When Duchess first glimpses how entirely she has misjudged her grandfather, after learning he tried for years to see her and Robin and her mother stopped him, Duchess sees Hal differently. It is the first time in the novel that Duchess the Outlaw has pivoted away from that persona of cool confidence and certainty. Suddenly she sees her grandfather as he is, struggling to express his emotions and bond with his only granddaughter. He embodies, for Duchess, “the lure of second chance, the plaintive ask of redemption” (179).

The lure of the second chance—that phrase suggests Walk’s own journey toward redemption. Even as Hal and Duchess begin to find their way each to the other, Martha and Walk slowly edge away from trial preparation to bring to light what neither one wants to talk about. The abortion Martha’s father forced on her stole their great chance at happiness, a family, and the normalcy they lost. Since then, they have dug moats around their hearts, determined to find in their dedication to work what they have lost. Martha, ironically, works in family law, helping shattered families find peace. Walk maintains law and order despite those disturbing moments when he thinks about his best friend from high school serving all that time because of a stupid, blind accident. The hit-and-run upends all of Walk’s professional faith in a world that makes sense, the world of law and order. Cued symbolically to Martha’s hilarious introduction of spicy food to Walk, who likes bland food, the couple reclaims the emotional heat of their teenage love.

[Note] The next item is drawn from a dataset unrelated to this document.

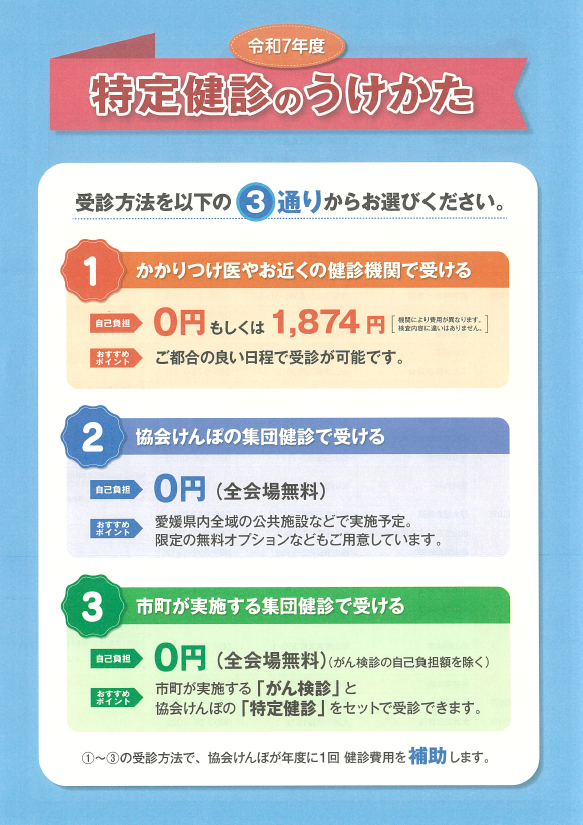 R6特定健診のうけかた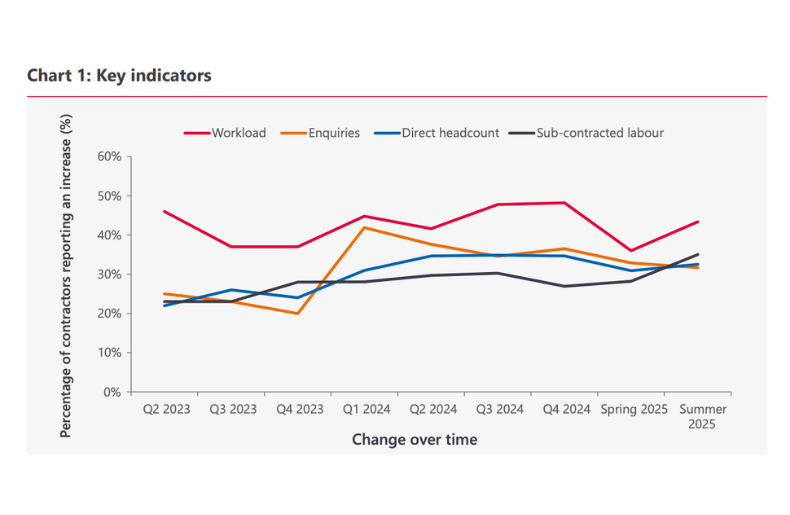 Key-indicators-Summer 2025-1.png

But redemption is difficult, costly, and ultimately tragic. There is Hal shot dead by Darke, who appears at this point to be the embodiment of evil. After all, Darke appears to be not only the greedy real estate developer threatening the very economic life of Cape Haven, but he is also the man directly responsible for two murders. There is Duchess who understands now that Copper Falls cannot be her refuge, that such a happy place cannot be hers. Despite the happy night she shares with Thomas at the winter formal, that refuge is summarily shattered the same night. Determined to reclaim her outlaw persona, she taps into that “hot, twisting anger” and decides she must kill Darke herself. She is the avenging angel, the exact opposite of the compassionate energy of redemption. Her decision to exact revenge is the low point in her emotional evolution.

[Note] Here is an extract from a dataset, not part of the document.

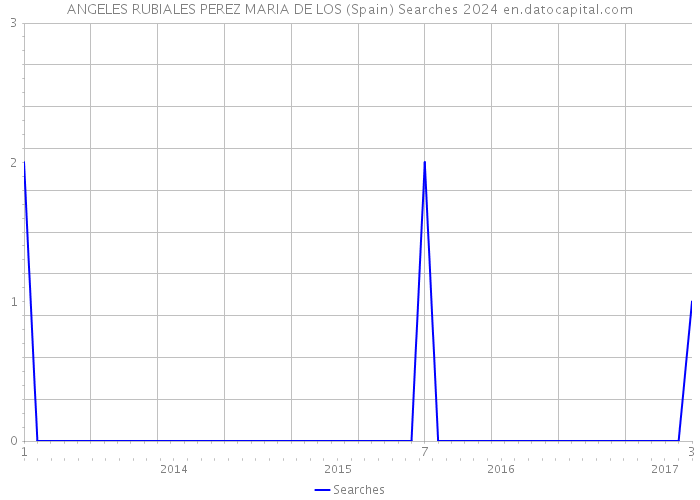 ANGELES RUBIALES PEREZ MARIA DE LOS (Spain) Searches 2024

This section ends there, affirming the truth that Darke himself offers Walk during their confrontation over Vincent: no one knows anybody. Redemption does not come through understanding and clarity—it comes only through humility and accepting how little you know. Thus, the section ends in a mix of contradictions.

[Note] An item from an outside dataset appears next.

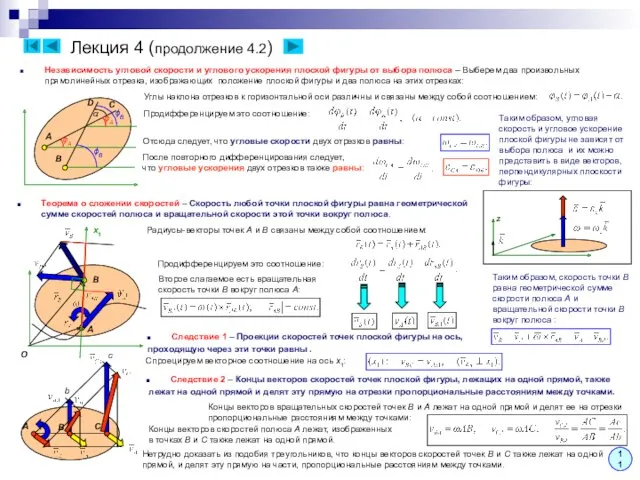 Лекция 4 (продолжение 4.2) Независимость угловой скорости и углового ускорения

Each principal character is both certain and dead wrong. Walk is determined to unearth evidence against Darke, certain that he is behind Star’s death when, as we will learn later, it is her own son who shot her. Without that knowledge, Walk appears heroic in these chapters, committed to the classic exercise of police investigation—in just a few chapters, however, he will lie in open court. The Duchess, reclaiming her outlaw persona, is ready to be angry at the world and ready for revenge. Vincent—with his confession made and whatever evidence Walk finds pointing to his guilt—is a killer motivated by the crassest sort of jealousy. Hal, shot dead by Darke, appears to be the heroic saint, the grizzled rogue Christian who dreams big and looms powerful: “I see the earth, I see the curves. I see the clouds that hold the sky. […] The world is nothing, so small I raise a finger and hide it. I am the God I don’t believe in” (179). His death makes him a tragic hero—all before the facts of how he maneuvered to keep Vincent in jail for an additional 20 years. And Darke emerges as the heavy, traveling thousands of miles to terrorize a child and, in the process, murder her grandfather. Duchess, the Outlaw, will right the world.

Everything is clear, and everybody is wrong. Recall the doomed Star, the sensitive singer whose heart and soul were destroyed by the hit-and-run that killed her sister. Star has come to see the world Duchess and Walk must come to accept. Recall her words to Walk shortly before her death, “You think like a kid. Everything is better or worse. Good or bad. None of us are any one thing. We’re just a collection of the best and worst things we did” (67).